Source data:
——
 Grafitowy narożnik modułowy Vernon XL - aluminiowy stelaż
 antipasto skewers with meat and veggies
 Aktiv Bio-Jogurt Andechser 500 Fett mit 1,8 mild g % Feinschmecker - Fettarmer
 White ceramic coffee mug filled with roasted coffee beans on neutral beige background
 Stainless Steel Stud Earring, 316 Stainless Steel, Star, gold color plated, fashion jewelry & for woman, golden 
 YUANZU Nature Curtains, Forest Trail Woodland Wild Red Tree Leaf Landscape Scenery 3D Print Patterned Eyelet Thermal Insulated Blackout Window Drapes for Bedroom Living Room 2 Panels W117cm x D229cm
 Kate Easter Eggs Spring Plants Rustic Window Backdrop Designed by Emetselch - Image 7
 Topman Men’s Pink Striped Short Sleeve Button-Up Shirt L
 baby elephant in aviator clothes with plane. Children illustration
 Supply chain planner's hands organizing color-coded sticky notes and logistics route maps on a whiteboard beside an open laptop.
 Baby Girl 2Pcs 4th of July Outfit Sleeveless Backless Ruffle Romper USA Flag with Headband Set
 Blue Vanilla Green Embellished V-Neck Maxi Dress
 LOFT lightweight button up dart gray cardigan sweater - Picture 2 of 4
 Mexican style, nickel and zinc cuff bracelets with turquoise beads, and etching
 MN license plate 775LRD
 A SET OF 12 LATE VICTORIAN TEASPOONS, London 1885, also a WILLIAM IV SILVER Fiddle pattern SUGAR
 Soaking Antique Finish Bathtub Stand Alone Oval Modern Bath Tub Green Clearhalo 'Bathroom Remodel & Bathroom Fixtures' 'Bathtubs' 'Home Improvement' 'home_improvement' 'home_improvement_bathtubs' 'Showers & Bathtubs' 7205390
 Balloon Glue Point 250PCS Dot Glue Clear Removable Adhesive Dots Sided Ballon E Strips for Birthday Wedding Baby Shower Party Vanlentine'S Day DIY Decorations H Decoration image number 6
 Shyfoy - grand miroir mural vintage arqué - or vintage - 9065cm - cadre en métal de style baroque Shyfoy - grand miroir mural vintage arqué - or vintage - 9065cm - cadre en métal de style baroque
——
Exercise brief → Lines containing the word "with" are to be located in the entries and copied.

Output for this exercise →
 antipasto skewers with meat and veggies
 White ceramic coffee mug filled with roasted coffee beans on neutral beige background
 baby elephant in aviator clothes with plane. Children illustration
 Baby Girl 2Pcs 4th of July Outfit Sleeveless Backless Ruffle Romper USA Flag with Headband Set
 Mexican style, nickel and zinc cuff bracelets with turquoise beads, and etching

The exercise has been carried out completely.